→ Goal of the exercise
Produce an exact copy of all the records.

Top of Data listing

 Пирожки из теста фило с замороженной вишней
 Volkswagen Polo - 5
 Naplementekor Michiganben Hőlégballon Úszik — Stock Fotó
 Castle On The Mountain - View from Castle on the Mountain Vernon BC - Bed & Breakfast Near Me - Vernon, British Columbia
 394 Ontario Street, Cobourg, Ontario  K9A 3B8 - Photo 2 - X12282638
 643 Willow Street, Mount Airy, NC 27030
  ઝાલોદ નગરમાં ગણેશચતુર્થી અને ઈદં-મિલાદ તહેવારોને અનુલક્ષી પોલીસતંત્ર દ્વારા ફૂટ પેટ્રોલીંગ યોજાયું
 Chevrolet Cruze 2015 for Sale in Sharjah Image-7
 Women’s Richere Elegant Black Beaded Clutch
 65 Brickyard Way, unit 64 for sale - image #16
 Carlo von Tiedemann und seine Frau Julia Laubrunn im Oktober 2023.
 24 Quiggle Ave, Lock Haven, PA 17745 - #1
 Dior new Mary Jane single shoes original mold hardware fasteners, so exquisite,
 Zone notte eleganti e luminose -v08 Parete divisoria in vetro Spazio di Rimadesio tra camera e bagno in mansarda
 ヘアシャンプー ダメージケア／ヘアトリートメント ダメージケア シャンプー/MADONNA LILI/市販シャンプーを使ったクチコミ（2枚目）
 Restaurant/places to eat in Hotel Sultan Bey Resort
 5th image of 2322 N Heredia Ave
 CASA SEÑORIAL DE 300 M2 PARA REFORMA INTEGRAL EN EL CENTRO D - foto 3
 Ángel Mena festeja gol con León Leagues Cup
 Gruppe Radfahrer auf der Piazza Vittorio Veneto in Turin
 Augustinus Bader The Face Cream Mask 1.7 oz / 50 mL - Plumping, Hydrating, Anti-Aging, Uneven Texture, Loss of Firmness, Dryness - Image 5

Bottom of Data listing

→ Output for this task
 Пирожки из теста фило с замороженной вишней
 Volkswagen Polo - 5
 Naplementekor Michiganben Hőlégballon Úszik — Stock Fotó
 Castle On The Mountain - View from Castle on the Mountain Vernon BC - Bed & Breakfast Near Me - Vernon, British Columbia
 394 Ontario Street, Cobourg, Ontario  K9A 3B8 - Photo 2 - X12282638
 643 Willow Street, Mount Airy, NC 27030
  ઝાલોદ નગરમાં ગણેશચતુર્થી અને ઈદં-મિલાદ તહેવારોને અનુલક્ષી પોલીસતંત્ર દ્વારા ફૂટ પેટ્રોલીંગ યોજાયું
 Chevrolet Cruze 2015 for Sale in Sharjah Image-7
 Women’s Richere Elegant Black Beaded Clutch
 65 Brickyard Way, unit 64 for sale - image #16
 Carlo von Tiedemann und seine Frau Julia Laubrunn im Oktober 2023.
 24 Quiggle Ave, Lock Haven, PA 17745 - #1
 Dior new Mary Jane single shoes original mold hardware fasteners, so exquisite,
 Zone notte eleganti e luminose -v08 Parete divisoria in vetro Spazio di Rimadesio tra camera e bagno in mansarda
 ヘアシャンプー ダメージケア／ヘアトリートメント ダメージケア シャンプー/MADONNA LILI/市販シャンプーを使ったクチコミ（2枚目）
 Restaurant/places to eat in Hotel Sultan Bey Resort
 5th image of 2322 N Heredia Ave
 CASA SEÑORIAL DE 300 M2 PARA REFORMA INTEGRAL EN EL CENTRO D - foto 3
 Ángel Mena festeja gol con León Leagues Cup
 Gruppe Radfahrer auf der Piazza Vittorio Veneto in Turin
 Augustinus Bader The Face Cream Mask 1.7 oz / 50 mL - Plumping, Hydrating, Anti-Aging, Uneven Texture, Loss of Firmness, Dryness - Image 5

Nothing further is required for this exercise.